Every time the Padres have gone up for sale, would-be buyers were confronted by several puzzles — be they financial, political, legal or baseball-intensive.
The puzzles weren’t limited to Padres Land.
Major League Baseball’s inner workings had to be understood. So did factors outside MLB, such as interest rates on large private loans.
It’s puzzle time once again. This week, Padres chairman John Seidler announced he’s open to selling the team.
If a sale happens — and MLB commissioner Rob Manfred’s statement favored that outcome — here’s what I want for baseball’s hungriest fan base:
The Padres’ next control person brings A+ stewardship skills and wealth by MLB standards and has much-needed good luck awaiting him or her. This leads to small-market San Diego winning its first World Series title. And, unlike with the most recent small-market club winning the World Series — the 2015 Kansas City Royals — the Padres don’t endure eons of noncompetitiveness on both sides of the breakthrough season.
Here’s what I know will happen: would-be buyers of the Padres will be challenged by extra-tricky puzzles to figure out.
It has been 13 years since the Padres were so open to being sold.
This time around, things look more complicated.
What stands out most are variables outside the Padres.
They’ve become more complex. And, frankly, staggering.
Begin with this mind-blowing development:
MLB has embraced sports gambling to the point that some sports investment analysts argue that an investment in MLB (as with the NFL and the NBA) equates to investing in the gaming industry.
Set aside, for now, the moral implications of a publicly subsidized sports league increasing its efforts to stimulate and facilitate a behavior that can be addictive and do great harm to bettors and their loved ones.

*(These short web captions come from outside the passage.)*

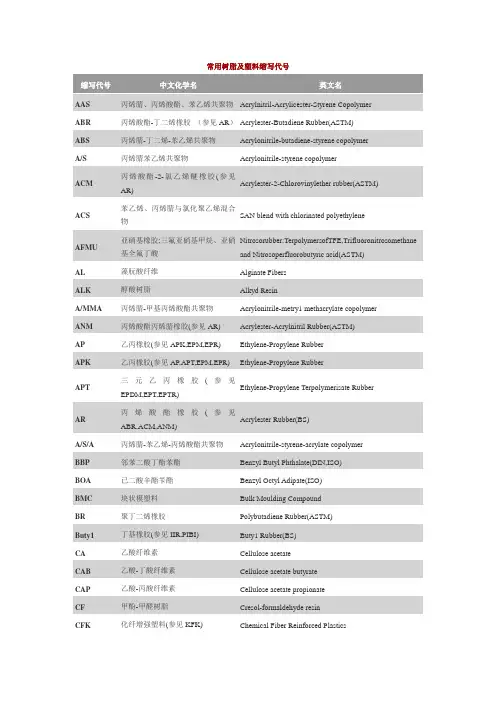 常用树脂及塑料缩写代号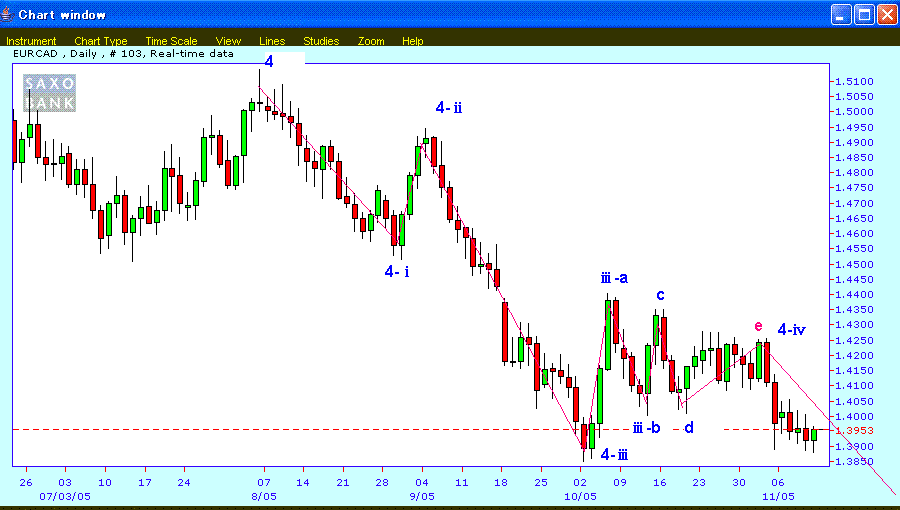 cad3.GIF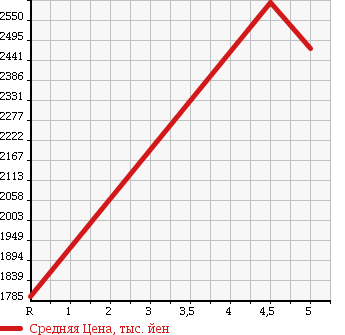 Аукционная статистика: График изменения цены VOLKSWAGEN Фольксваген  GOLF ALLTRACK Гольф Алтрак  2017 в зависимости от аукционных оценок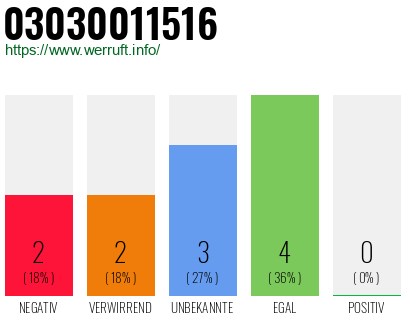 Rufnummer 03030011516 Telefonnummer 03030011516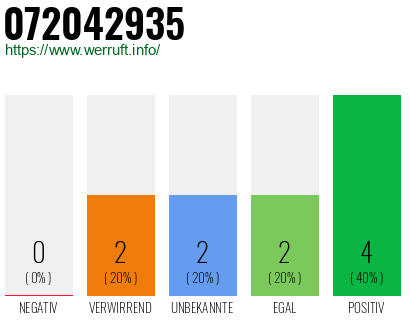 Rufnummer 072042935 Telefonnummer 072042935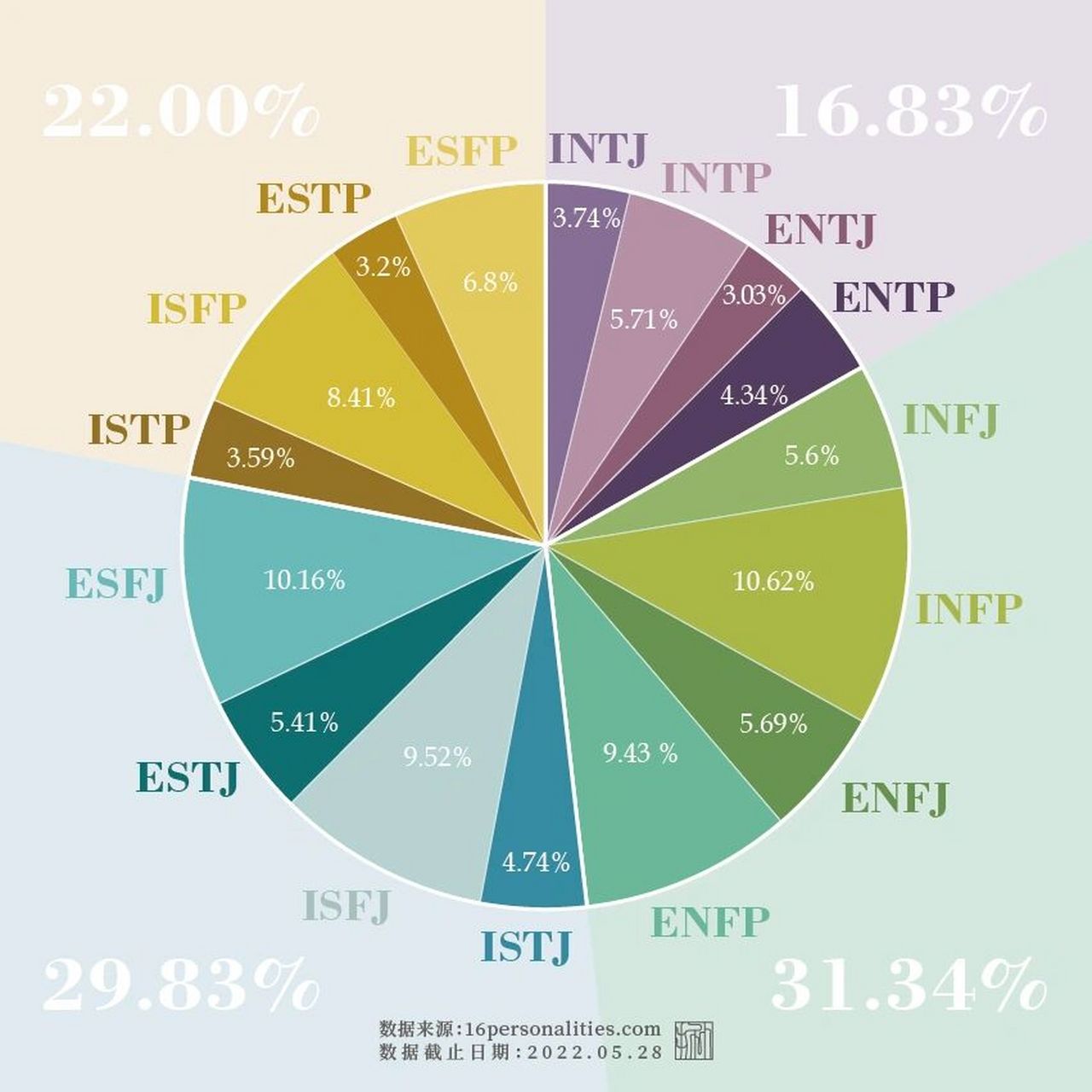 mbti |国内人口比例 没想到entj才是最低的 ⭐️但是,在不考虑其
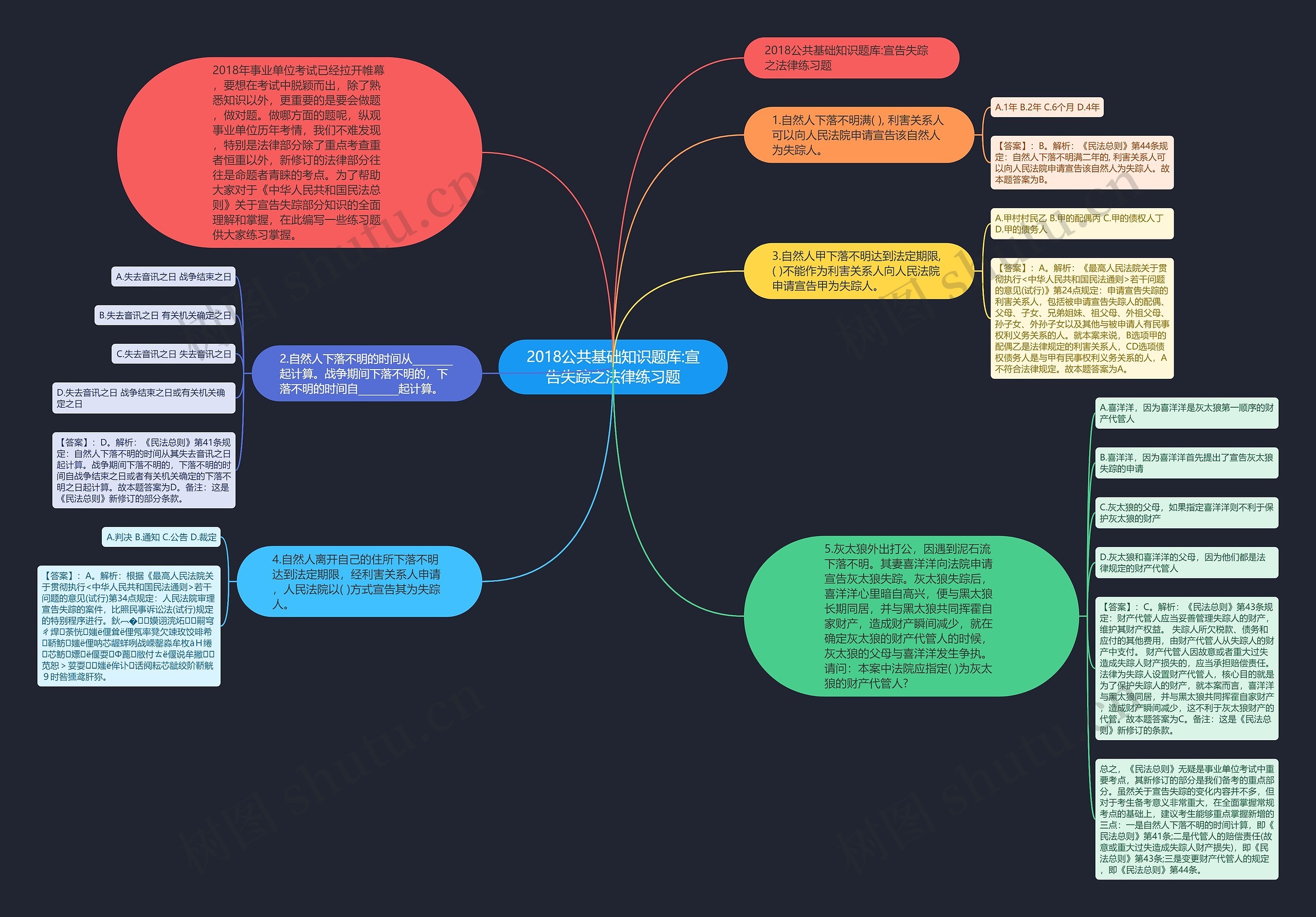 2018公共基础知识题库:宣告失踪之法律练习题思维导图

Is an MLB team a riskier investment if its fortunes are aligned with the gaming industry? And if the gaming industry relationship is serving to inflate player salaries, are rising franchise valuations well-supported?
Concerning a Padres sale, there’s another outside factor to consider that’s unique to this time.
There are people who have accumulated wealth that’s so great that even ordinary billionaires see them as more able to distort the MLB market.
For these uber-wealthy folks, an MLB team is a toy. Their margins are so great that a purchase of much more than a billion bucks needn’t be a value-driven investment.
A baseball owner can distort the whole salary market easier than owners can in the NFL, where a salary cap and a franchise tag limit the influence of any owner no matter how wealthy.
On the counterfactual side: “Is this Doomsday 2.0 or 3.0?” is a frequent quip of MLB player agent Scott Boras, highlighting a truth across many decades that MLB’s rising player salaries have been accompanied by rising industry revenues and franchise valuations.
MLB’s attempt to replace the collective bargaining agreement, which expires after the 2026 season, will put would-be Padres investors to another dicey test.
Potential solution: opt to buy a small stake in the team, buying time until CBA negotiations produce hard facts. Such smaller, cash-flow-driven investments have become more common.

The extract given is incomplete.